'Disclosure' Allows Trans People To See Themselves On Screen In All Their Glory

Getty Images; Grace Lavery

To put it mildly, Hollywood's relationship with the transgender community is a complicated one. To this day, proper, respectful representation of trans people on the silver screen remains fairly uncommon, even as the fight for trans rights continues on the world stage. Still, trans representation in entertainment has come a long way in a few decades.

Chronicling the Hollywood film industry's journey in trans representation is the Netflix documentary Disclosure. Directed by Sam Feder, Disclosure offers an in-depth look into how trans stories are shared in Hollywood and, more importantly, the impact these films have had on Americans and their perceptions of trans people. Being able to see yourself represented on the big screen can be a major, life-changing moment, and Disclosure manages to deftly explore those moments, good and bad.

Disclosure initially premiered earlier this year at Sundance Film Festival, around the same time Daniel M. Lavery published his newest book, Something That May Shock and Discredit You, a collection of essays about family, faith, his life, and gender transition. After Disclosure's debut, Feder and Lavery spoke about the film and how it, along with Lavery's book, manages to capture the myriad feelings that come with being trans and seeing yourself represented on the big screen. Below are excerpts of their conversation.

On feeling alone in transitioning

Daniel M. Lavery: There can be a perception that transition is something new. Or something that is only now accepted or understood. And I think one of the things that's really meaningful about a [documentary] like [Disclosure] is looking at various points of history when there has been acceptance of trans people. So realizing like, 'Oh, I didn't myself invent this 18 months ago!,' is always really, really useful. Because I think many of us can arrive at transition feeling like, 'I'm the only person who's ever felt this way,' or 'I haven't seen anyone talk about this.' There can be this sense of: where's the history? Where's the archives of this?
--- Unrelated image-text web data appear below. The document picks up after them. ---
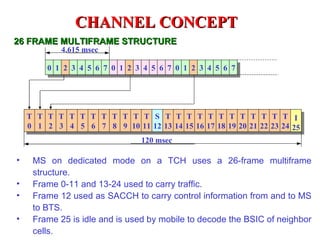 CHANNEL CONCEPT
26 FRAME MULTIFRAME STRUCTURE
            4.615 msec

         0 1 2 3 4 5 6 7 0 1 2 3 4 5 6 7 0 1 2 3 4 5 6 7




    T T T T T T T T T T T T S T T T T T T T T T T T T I
    0 1 2 3 4 5 6 7 8 9 10 11 12 13 14 15 16 17 18 19 20 21 22 23 24 25
                                120 msec

•    MS on dedicated mode on a TCH uses a 26-frame multiframe
     structure.
•    Frame 0-11 and 13-24 used to carry traffic.
•    Frame 12 used as SACCH to carry control information from and to MS
     to BTS.
•    Frame 25 is idle and is used by mobile to decode the BSIC of neighbor
     cells.
 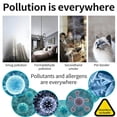 thumbnail image 6 of 2 Pack Replacement Air Purifier Filters for LEVOIT Core 300 & 300S, High-Efficiency Activated Carbon & True Toxin Absorber, 3-in-1 Pre-Filters for Pets, Compatible with Core300-RF, White, 6 of 6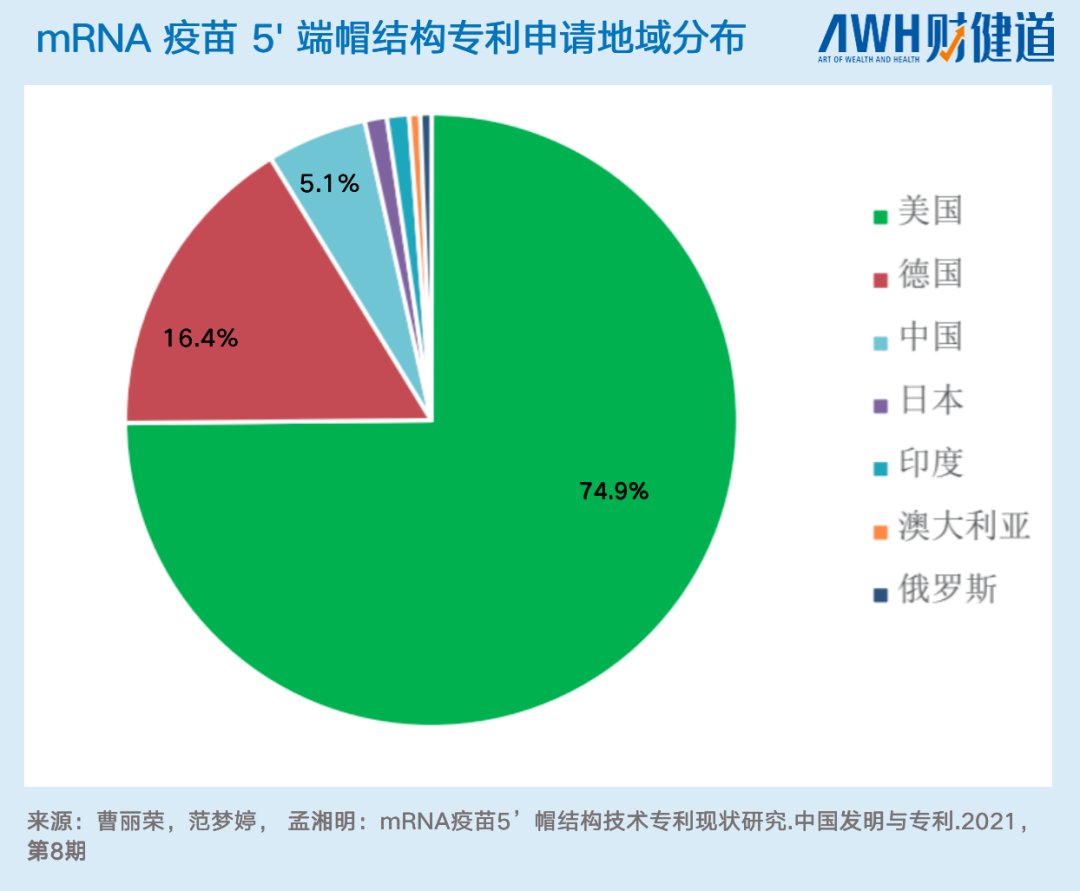 8家国产mRNA角逐，全数止步于初创期？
One of the things that I attempted to do in the book has been [to] grapple with that instinct within me that's like, 'Did I invent this? Am I the first person to feel this way?,' Which meant going back and taking a look at what have other people had to say about transition in literature, transition in film, or transition in stories from the Bible.

On the difficulties of hiring a transgender crew

Feder: One of the most challenging and rewarding [parts of this documentary] was finding trans crew. There's just not that many trans people who have gotten the experience or gotten the opportunity to work, but I was really committed to prioritizing hiring trans people. So I spent many, many months and interviewed and spoke with people all over the country. When we couldn't find the trans person, the non-trans person hired mentored a trans fellow. So that took up a lot of time, but it was the most rewarding aspect behind the scenes.

On the conflicting feelings of seeing yourself on screen

Feder: It was incredibly painful to watch a lot of this footage [about transition in Hollywood]. It's like, wow, I didn't have enough of this imagery in my brain already, now it's just thousands of hours. But it's really rewarding to now know all this and be able to wrestle with it and reorganize it on my own terms.

Lavery: It's the simultaneous distress and excitement that comes from seeing even a snippet of something that looks like transition on screen. When I think about something like Star Trek and the idea that in 1969, there was kind of an episode about somebody transitioning in Star Trek, even though it was wildly misogynistic and totally pessimistic about the idea of transition, it was also thrilling to see it. But I think oftentimes engaging with that history can also be really complex, because it's like it's here, and it hurts, but at least it's there, at least there's a representation.

"It's the simultaneous distress and excitement that comes from seeing even a snippet of something that looks like transition on screen."

Feder: That reminds me of this moment in The Celluloid Closet where someone who was interviewed [for it] talks about [seeing] a film that had lesbians in it. She called one of her best friends, she's like, 'Oh my god, you'll never believe, there's this scene with two lesbians, okay, they were vampires, but it's okay, they were in the movie.' We're constantly struggling with that, with the joy of seeing oneself despite the pain of what's coming along with it.

In Disclosure, there's a section on The Crying Game. It's a pretty difficult moment in the film, and people are talking about how disturbing it was. But then Zack [Drucker] comes in and says, "You know, at the time when I saw The Crying Game, I didn't realize how problematic it was. I just saw this beautiful woman with a penis." So I think everything is always nuanced and complicated and we can really hold all those things and love things critically. I hope people feel that way when they watch Disclosure.

This interview has been condensed and edited for clarity.